Benefits of Range-Based Partitioning{1}


Database Partitioning is breaking up large amounts of data into smaller parts which can be beneficial if done correctly. The purpose behind database partitioning is to simplify managing large amounts of data and boost performance. Performance is boosted because segments of data can be stored in different directories and because MySQL will only search the segments that contain the data the query is asking for. The picture below illustrates an example of application requests being handled by limited resources which can slow down the system.

 

The two most commonly used partitioning methods are horizontal and vertical partitioning. In the article entitled “Improving Database Performance with Partitioning “  Robert Schumacher  focuses primarily on horizontal partitioning. This involves combining rows of data that contain attributes that fall within a specified range.  The combined rows are segmented into smaller parts and are assigned a position. The article points out, that historically DBA’s had to build separate tables to hold these parts.
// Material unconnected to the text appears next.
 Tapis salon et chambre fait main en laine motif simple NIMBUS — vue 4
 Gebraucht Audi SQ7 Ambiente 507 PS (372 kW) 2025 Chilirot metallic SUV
However this is now a built-in feature within most storage engines.  The author uses a non-partition table (non_part table) and a partitioned table(part_table) to demonstrate the differences in performances.  The partitioned table is created by the following:

mysql> CREATE TABLE part_tab
->   (  c1 int default NULL,
->      c2 varchar(30) default NULL,
->      c3 date default NULL
->
->      ) engine=myisam
->      PARTITION BY RANGE (year(c3)) (
PARTITION p0 VALUES LESS THAN (1995),
PARTITION p1 VALUES LESS THAN (1996) ,
PARTITION p2 VALUES LESS THAN (1997) ,

The author inserts 8 million records into both tables and executes a query to count only the records from 1995.  The non-partitioned table takes 38 seconds to execute this query while the partitioned table takes only 3.8 seconds.

Non-Partitioned Table:
mysql> select count(*) from no_part_tab where
-> c3 > date ‘1995-01-01′ and c3 < date ‘1995-12-31′;
+———-+
| count(*) |
+———-+
|   795181 |
+———-+
1 row in set (38.30 sec)

Partitioned Table:
mysql> select count(*) from part_tab where
-> c3 > date ‘1995-01-01′ and c3 < date ‘1995-12-31′;
+———-+
| count(*) |
+———-+
|   795181 |
+———-+
1 row in set (3.88 sec)

The author explains the executed query by an “explain command” in MySQL. As you can tell from below, only 798,458 were accessed in the partitioned as opposed to the eight million in the non-partitioned table.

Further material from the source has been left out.